Context:
The Securities and Exchange Board of India (SEBI) has released a consultation paper proposing major reforms to the allocation structure of Initial Public Offerings (IPOs), particularly for large issues exceeding ₹5,000 crore. The move aims to better align IPO allocation with investor interest and institutional appetite.
Proposed Changes in IPO Allocation Structure
- For IPOs above ₹5,000 crore, SEBI proposes:
- Retail investor quota to be reduced from 35% to 25%.
- Institutional quota (Qualified Institutional Buyers – QIBs) to be increased from 50% to 60%.
- A graded approach will be applied based on IPO size.
Rationale Behind the Proposal
- SEBI noted that:
- IPO sizes have grown, but retail participation has remained flat over the last three years.

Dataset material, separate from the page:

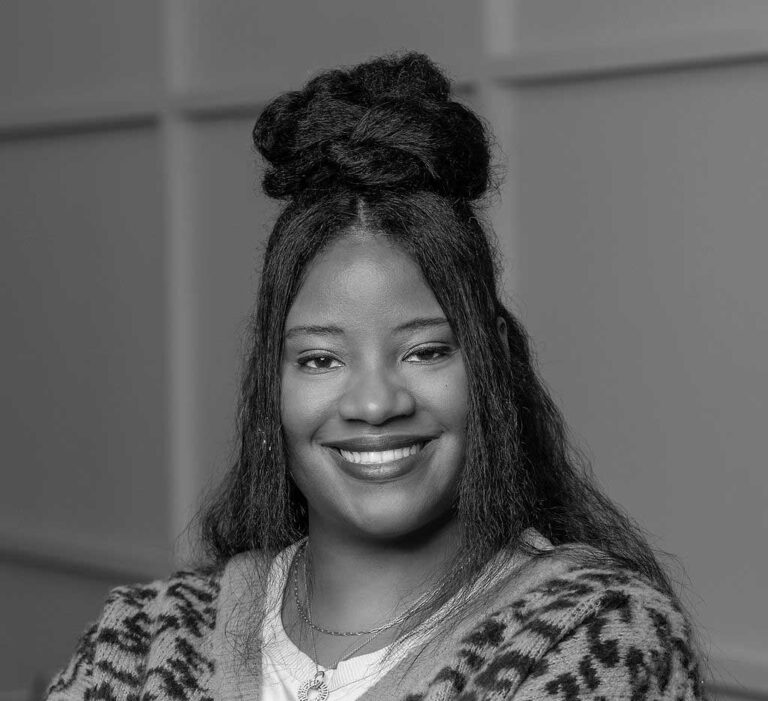 Headshot of Tamara Osivwemu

- In large IPOs, retail subscription levels have often been muted or underutilized, while institutional demand remains strong.
Anchor Investor Reforms
- SEBI proposes to increase the number of permissible anchor investor allottees for allocations exceeding ₹250 crore.
- This will make participation easier for large FPIs managing multiple funds.

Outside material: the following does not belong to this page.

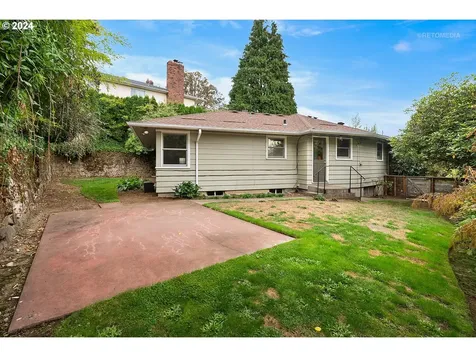 7021 SW 2nd Avenue Portland OR 97219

- Inclusion of insurance companies and pension funds in the reserved anchor investor category is suggested.
Enhanced Reservation for Long-term Institutions
- Within the anchor investor portion, the reservation for:
- Life insurers, pension funds, and domestic mutual funds to increase from 30% to 40%.
- One-third of this (approx. 13.3%) remains for domestic mutual funds.
- 7% is earmarked specifically for insurance companies and pension funds.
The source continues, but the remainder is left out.